Traditional gold manufacturing technologies do not allow for the use of these reagents. ‘In industry, the temperatures at which they do these processing steps are way too high. You would just burn off the salt, but by using mechanochemistry, you can use these unconventional reagents,’ explains Jean-Louis Do, a PhD student in Friščić’s group who previously worked in a lab processing a rare palladium gold ore via boiling sulfuric acid immersion.
The team further investigated mechanochemical processing of gold by milling freshly prepared tetrahaloaureate (iii) salts with anhydrous sodium acetylacetonate for 30 minutes, reducing the compounds to air and moisture stable dihaloaureate (i) compounds. ‘For us, it was really exciting because within two hours we went from gold powders to a salt that people want to use’, explains Thomas Auvray, a senior research fellow in Friščić’s lab.

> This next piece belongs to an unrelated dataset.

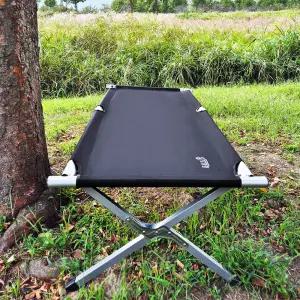 KALLUS CAMPING 캠핑 야전침대 블랙 휴대용 듀랄루민 접이식 경량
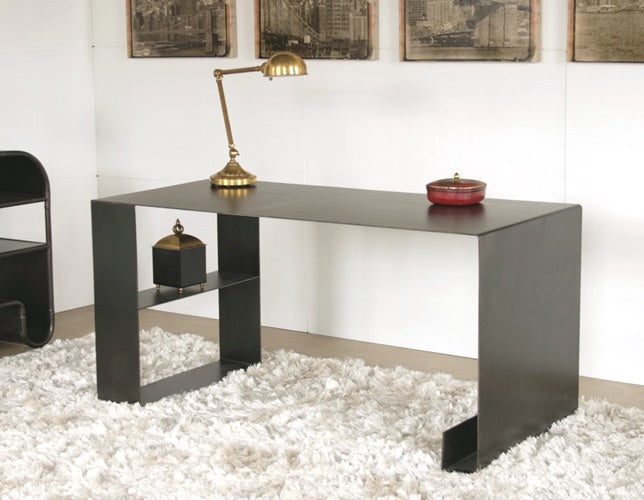 Distressed Metal Desk with Shelf on the Side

‘The most striking point to me is that it oxidised that which is believed to be unoxidisable,’ says Erli Lu, a rare-earth metal chemist from the University of Newcastle, UK. ‘The oxidation step is actually the bottleneck of all gold coordination chemistry… If you have the gold +3 complex, you can do whatever you want.’
Lu would like to see this methodology applied to selectively oxidise gold over other metals like silver that are commonly found in complexes in natural ores. Friščić and his team agree. One of their next areas of investigation will be ‘selectively oxidising certain metals over others, by tuning the reaction conditions,’ says Do. Friščić adds, ‘if you want to be very enthusiastic, imagine you can have a mechanical process that you can tune to selectively activate five, six or seven noble metals.’
Friščić is hopeful that this safer and greener method of processing gold could find widespread use in industry without requiring massive reforms to existing infrastructure: ‘You make exactly the same stuff, but now you make it in a much safer way. You don’t need to dismantle the whole of industry; you can just replace a nasty, horrible step with essentially a pool cleaning agent-based one.’